A Dag is callable — await dag(**kwargs) creates a DagRunner with NullProvenance and returns a DagRunResult. Kwargs are matched to source node parameters by name:

import asyncio

result = asyncio.run(main_dag(text="hello world\nfoo bar\nbaz qux"))
print(result.status)   # "completed"
print(result.outputs)  # {"reduce": {"hello": 1, "world": 1, ...}}

For production use with provenance, create a DagRunner explicitly:

from pathlib import Path
from lythonic.compose.dag_runner import DagRunner
from lythonic.compose.dag_provenance import DagProvenance

runner = DagRunner(main_dag, provenance=DagProvenance(Path("runs.db")))
result = asyncio.run(runner.run(source_inputs={"split_text": {"text": "hello world"}}))

FlatMap Behavior¶

When using Dag.map() with list inputs, sub-DAG results that are lists are flattened into the parent result. Scalar results are appended as-is. This makes it easy to have sub-DAGs that expand one input into multiple outputs:

def expand(item: str) -> list[str]:
    return [item, item.upper()]

expand_dag = Dag()
expand_dag.node(expand)

dag = Dag()
dag.node(split) >> dag.map(expand_dag, label="expand") >> dag.node(collect)
# If split returns ["a", "b"], the map output is ["a", "A", "b", "B"]

Routing with SwitchNode¶

dag.switch(branches, label) routes data to one of several branch DAGs based on a LabelSwitch value. The upstream node must return either:

A dict with a "__switch__" key: {"__switch__": "text", "content": "..."}
A tuple/list where the first element is the label: ("text", {"content": "..."})

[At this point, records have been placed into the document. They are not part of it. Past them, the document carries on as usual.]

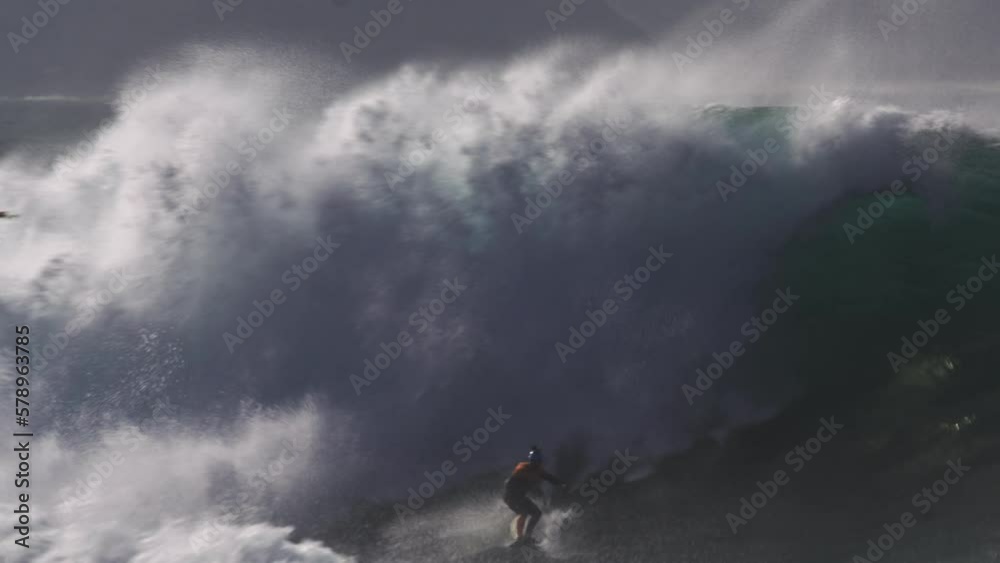 Surfer on a surfboard in the middle of big wild foamy waves. Dramatic shot Surfer on a surfboard in the middle of big wild foamy waves. Dramatic shot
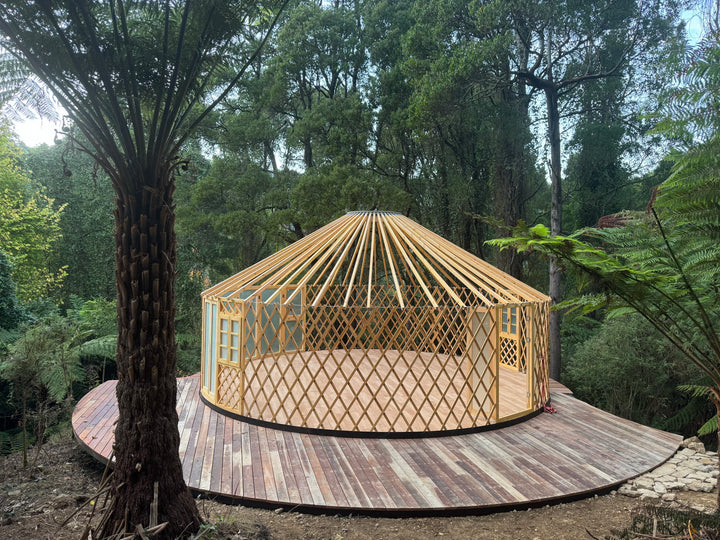 Wooden yurt in a forest setting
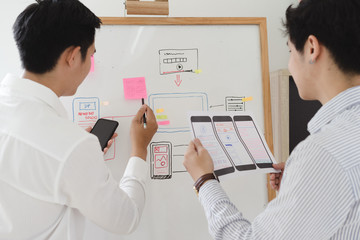 Creative Website development team sketching wireframe layout design for mobile responsive website...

Branches can be DAGs, @dag_factory functions, or plain callables. When passing a list, labels are auto-derived from names:

def classify(doc: dict) -> tuple[str, dict]:
    kind = "text" if doc.get("type") == "text" else "image"
    return (kind, doc)

def handle_text(doc: dict) -> dict:
    return {**doc, "processed": True}

def handle_image(doc: dict) -> dict:
    return {**doc, "resized": True}

dag = Dag()
dag.node(classify) >> dag.switch([handle_text, handle_image], label="router")

With explicit labels via a dict:

dag.node(classify) >> dag.switch(
    {"text": text_pipeline, "image": image_pipeline},
    label="router",
)

MapSwitch: Map + Route¶

Combine map and switch to map over a collection and route each element to a different branch based on its LabelSwitch value:

def tag_items(items: list[dict]) -> list[tuple[str, dict]]:
    return [(item["type"], item) for item in items]

dag = Dag()
dag.node(tag_items) >> dag.map(
    dag.switch([handle_text, handle_image], label="route"),
    label="process_all",
) >> dag.node(merge)

Each element in the collection must provide a switch label (same protocol as SwitchNode). FlatMap behavior applies to the results.